Exercise instructions: Pictures in the records below must be left out. Return exactly the lines from the line with "Apartamento com 3" to the line with "蕨駅より徒歩15分 1階 築47年9ヶ月の賃貸物件", both included.

--*--

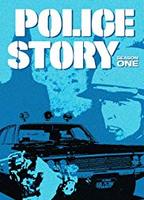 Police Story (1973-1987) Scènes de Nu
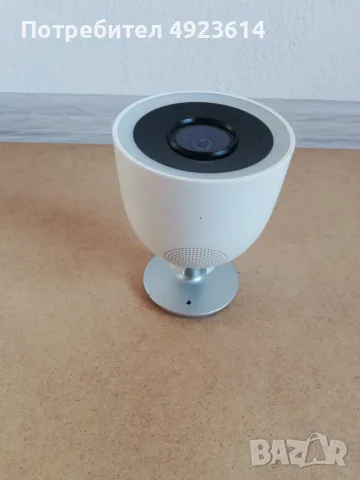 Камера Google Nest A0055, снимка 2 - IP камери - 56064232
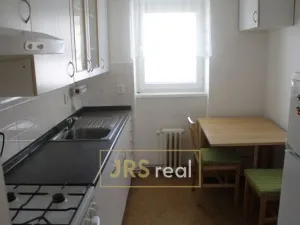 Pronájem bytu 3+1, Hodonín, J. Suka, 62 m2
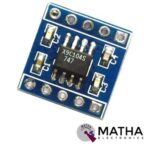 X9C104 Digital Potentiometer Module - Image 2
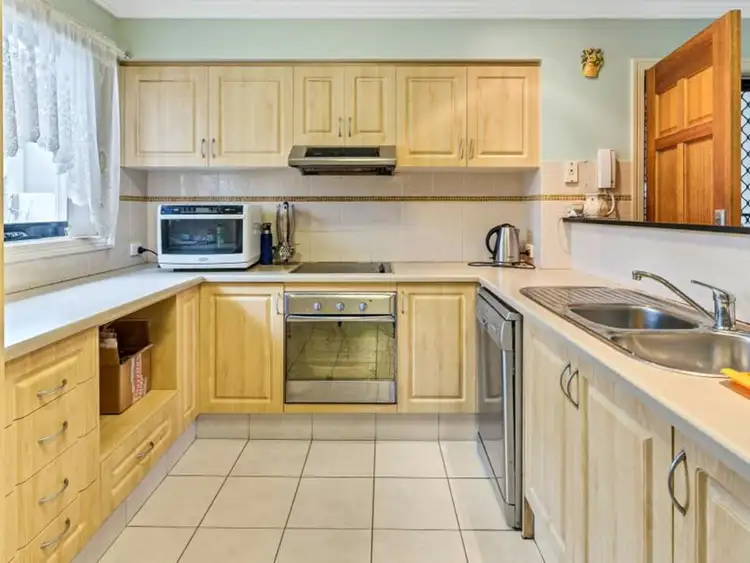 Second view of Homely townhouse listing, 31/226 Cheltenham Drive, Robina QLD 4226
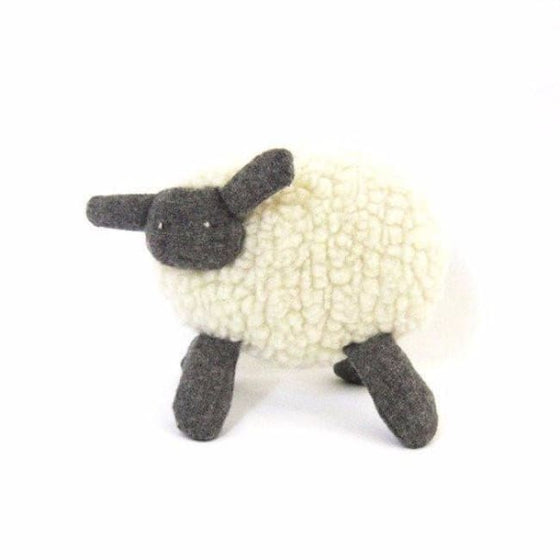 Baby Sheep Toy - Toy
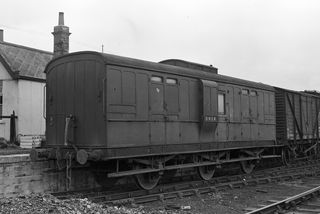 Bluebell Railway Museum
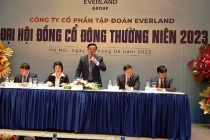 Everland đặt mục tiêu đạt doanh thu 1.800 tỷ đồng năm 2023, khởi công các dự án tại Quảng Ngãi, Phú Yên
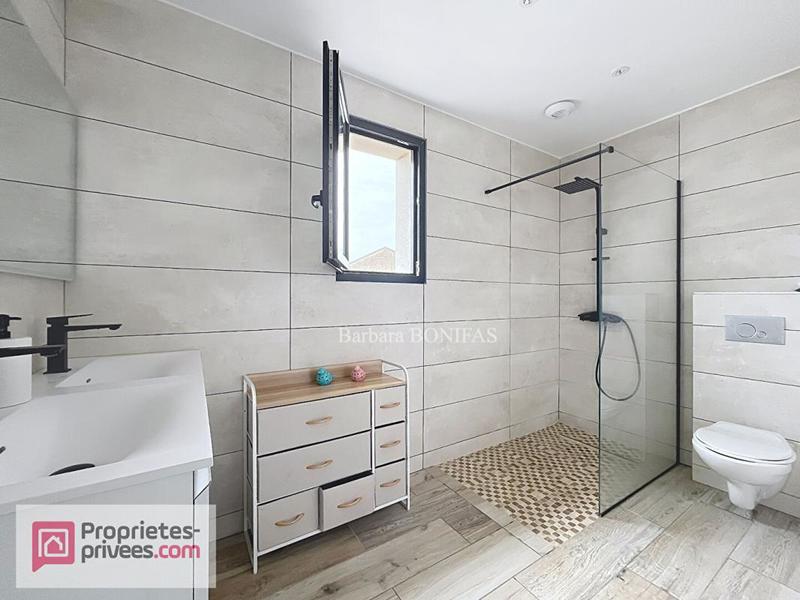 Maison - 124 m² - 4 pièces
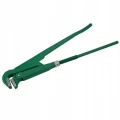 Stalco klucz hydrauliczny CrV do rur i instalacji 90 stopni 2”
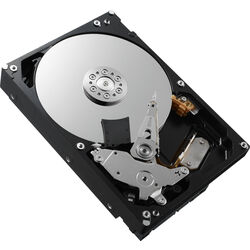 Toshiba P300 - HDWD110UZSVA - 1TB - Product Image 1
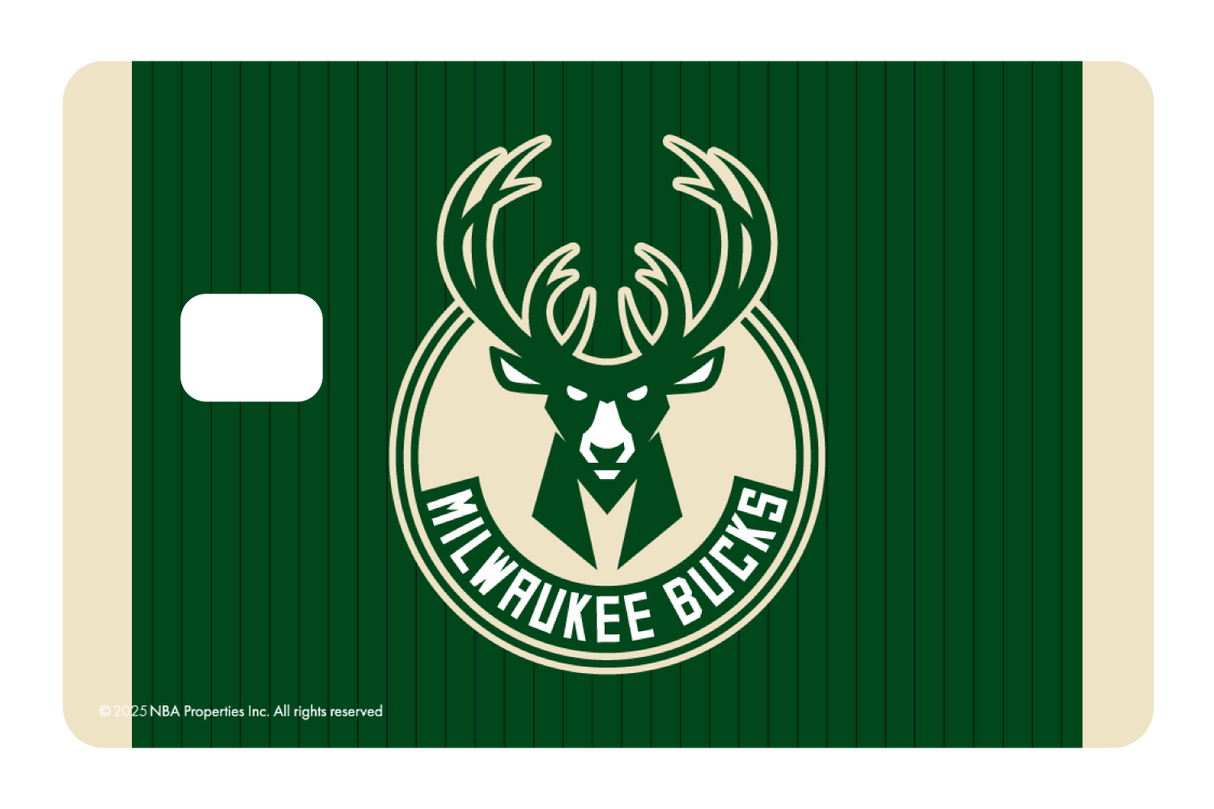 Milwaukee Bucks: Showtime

--*--

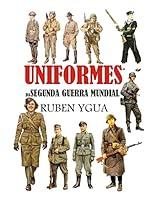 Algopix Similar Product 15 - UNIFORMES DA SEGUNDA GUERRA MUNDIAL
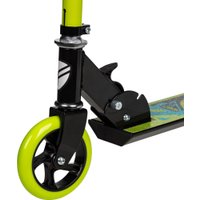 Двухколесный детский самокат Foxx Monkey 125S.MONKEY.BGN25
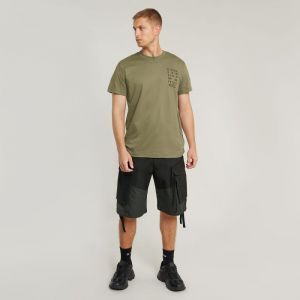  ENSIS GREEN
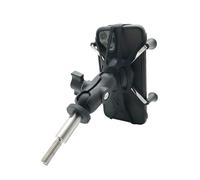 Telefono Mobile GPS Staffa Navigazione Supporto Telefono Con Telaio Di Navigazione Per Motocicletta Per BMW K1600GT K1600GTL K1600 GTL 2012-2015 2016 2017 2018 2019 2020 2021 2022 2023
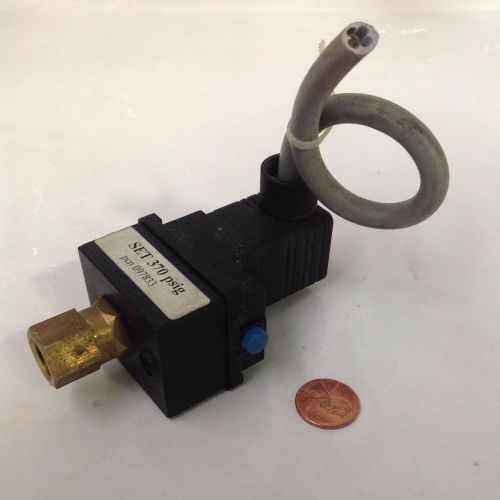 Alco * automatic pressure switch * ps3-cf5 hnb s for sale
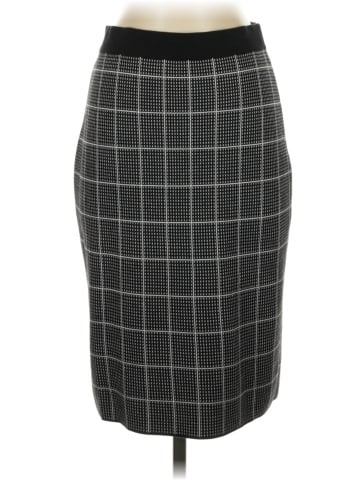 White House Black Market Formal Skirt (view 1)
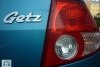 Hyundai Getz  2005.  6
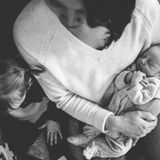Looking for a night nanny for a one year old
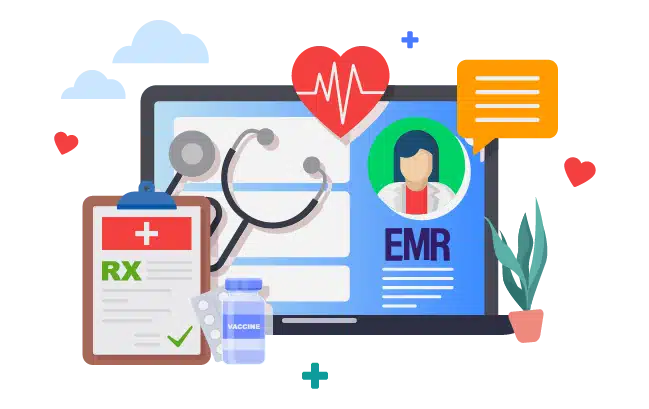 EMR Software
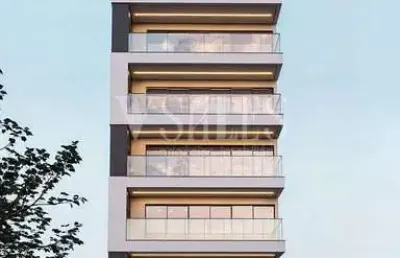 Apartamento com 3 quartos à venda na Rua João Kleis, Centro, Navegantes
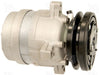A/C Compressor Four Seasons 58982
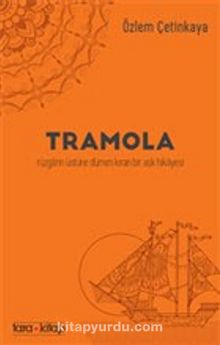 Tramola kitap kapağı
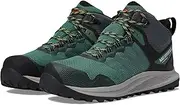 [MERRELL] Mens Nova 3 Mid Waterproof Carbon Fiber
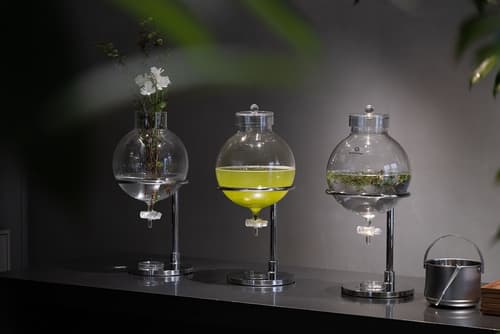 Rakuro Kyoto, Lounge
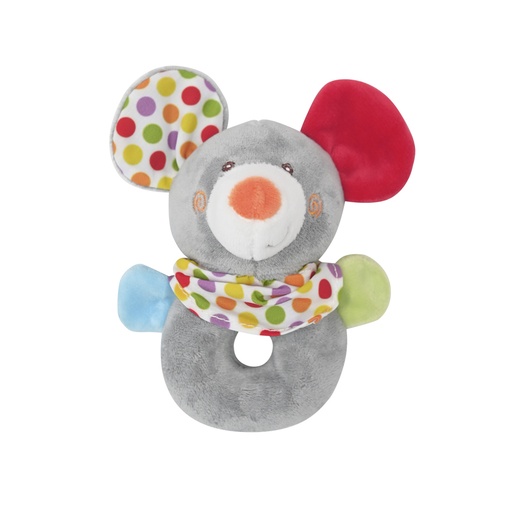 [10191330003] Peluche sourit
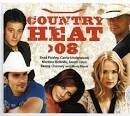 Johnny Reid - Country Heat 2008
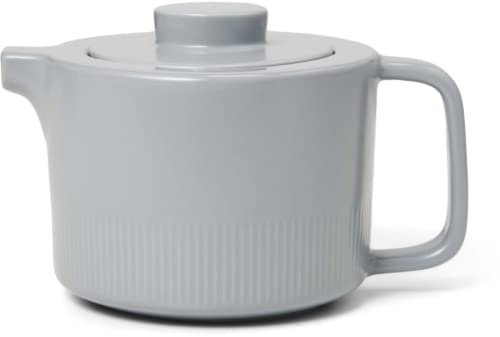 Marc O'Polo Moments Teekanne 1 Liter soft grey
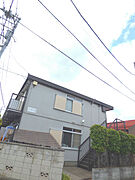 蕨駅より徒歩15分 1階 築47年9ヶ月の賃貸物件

--*--

Result below:
 Apartamento com 3 quartos à venda na Rua João Kleis, Centro, Navegantes
A/C Compressor Four Seasons 58982
 Tramola kitap kapağı
 [MERRELL] Mens Nova 3 Mid Waterproof Carbon Fiber
 Rakuro Kyoto, Lounge
 [10191330003] Peluche sourit
 Johnny Reid - Country Heat 2008
 Marc O'Polo Moments Teekanne 1 Liter soft grey
 蕨駅より徒歩15分 1階 築47年9ヶ月の賃貸物件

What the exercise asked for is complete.